The golden weeping willow is one of the most magnificent displays of flowing branches. This specimen will grow in zones 3-9 here in the United States. For those of you that own a weeping willow, you know the feeling when you look outside and see the branches and leaves dancing with the wind. One of the keys to successfully growing the weeping willow is this tree loves moist to wet soil. A couple of great options is to plant the tree by a decorative pond, lake, or other water feature. The weeping willow will also do well in drier soil conditions. One word of caution, the root system is very big and long. The tree needs to be planted in enough space between the tree and any pipes or structures.

It can take sun or shade. When the Golden is mature it can reach 80 feet in height. During the growth years, you can fertilize the tree every couple of years. As with any tree, make sure you don't put mulch up the trunk. Also, when first planted, use the method of slow drizzle from a hose. Take the hose and put it on the ground next to the tree. Water the section for about 10 minutes, and move the hose around. You should do this until the entire base is watered. Once the tree is established, nature should take care of its watering needs. If you are in a dry spell, make sure the root system stays moist.

The trunk is brown, yet hard to see once the tree gets established. The deciduous leaves are pointy and colors are yellow and green. I remember two weeping willow in our backyard as a child. As mentioned above, the branches and slender leaves sway with the breeze. This is one thing that stands out in my mind so many years ago. Both of the trees have been cut down, due to their size. A few issues to watch out for with the weeping willow. Aphids, and powdery mildew are two of the most common aliments with this tree. The best solution if you aren't sure, contact or visit a local nursery. It is always good practice to use natural remedies if possible. The golden weeping willow is a great addition and investment to any larger landscape area. If you have the space, and your climate is right, I recommend the weeping willow to show case your property.


Tip For The Month

This is my yearly reminder of getting your gardens and landscapes ready for the cooler or hotter months that lie ahead. Plan now as you take a look at both your outside and inside plants and space. Do your indoor plants need fresh potting soil before you bring them in or put them outside? In the fall is the best time to prune your shrubs and trees. Fresh mulch, pine straw, or decorative stones touch up your areas. For those of you going into the colder months, pace yourself with raking leaves. If you don't use a blower or bag on your mower, a tarp works great for collecting the leaves.

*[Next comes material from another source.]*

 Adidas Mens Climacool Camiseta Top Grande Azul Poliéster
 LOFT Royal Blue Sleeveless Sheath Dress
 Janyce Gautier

One of the most satisfying aspects of this time of year, is for many of you the first blossoms are appearing. For other the fall foliage is beginning to burst out all over. Take the time to enjoy this season.


Thought For The Month

I think each new adventure we accomplish in life takes time. One of the sayings I would like to share with you this month.

Behind every success is effort...
Behind every effort is passion...
Behind every passion is someone with the courage to try.

I hope you have a great October, and thank you all for being with me this month. I look forward to the end of next month and sharing other garden and landscape insights.